Apache has released updates to Path Traversal and NULL Pointer Dereference vulnerabilities that are known to be actively exploited by threat actors in HTTP Server. The vulnerability, tracked as CVE-2021-41773, is caused by an input validation error in the Path Normalization process. A remote threat actor can send a specially crafted HTTP request to map URLs to files outside the expected document root. These requests can succeed if files outside the document root are not protected by the ”require all denied” function. In addition, this vulnerability can also leak the source of files such as CGI scripts.
Another vulnerability tracked as CVE-2021-41524, exists due to a NULL Pointer Deference error when processing HTTP/2 requests. A remote threat actor can perform a denial of service attack by sending a specially crafted HTTP/2 request to the affected Apache http Server.

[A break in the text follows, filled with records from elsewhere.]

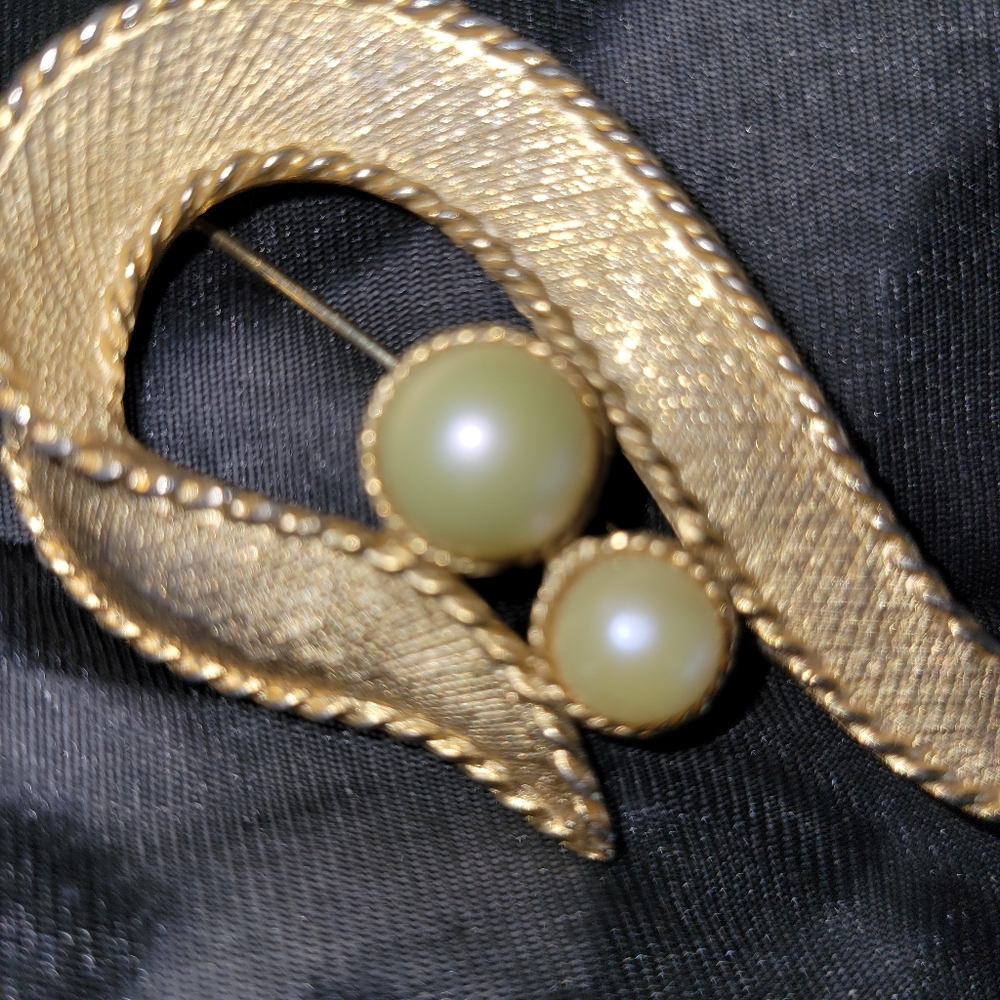 Vintage Sarah Coventry Brooch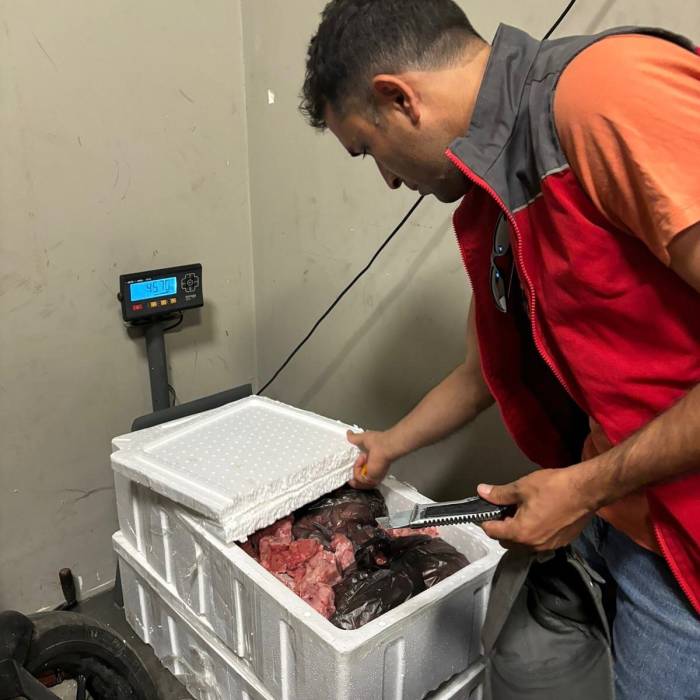 Menteşe Otogarı’nda 45 Kilo Menşei Belirsiz Et Ürünü Ele Geçirdi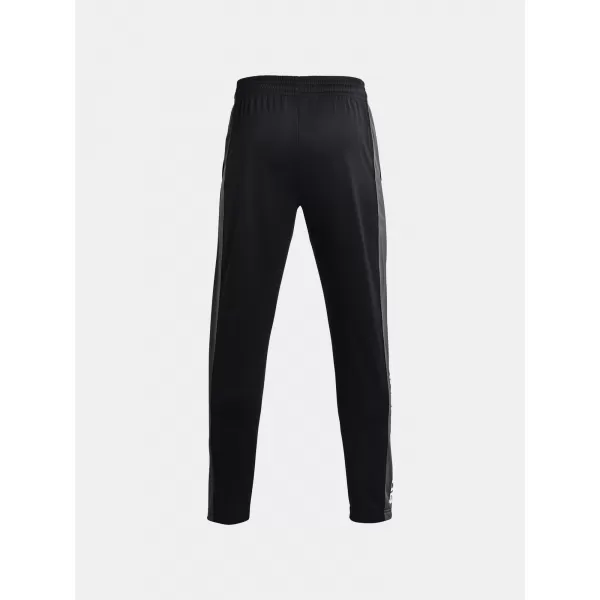  Pantaloni de trening pentru bărbați UNDER ARMOUR BRAWLER PANT 1366213-001 NEGRU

These security vulnerabilities, which are considered to be of high criticality, only affect Apache 2.4.49.
Solution and CVE/CWE
It is recommended that users using vulnerable versions upgrade to Apache HTTP Server 2.4.51, where the vulnerabilities are fixed. You can download and install the updates from the link below.
CVE/CWE: CVE-2021-41773, CVE-2021-41524
Note: A CVSS score of 3.1 (out of 10) of 7.0-8.9 is considered “high”, and 9.0-10.0 is considered a “critical” vulnerability.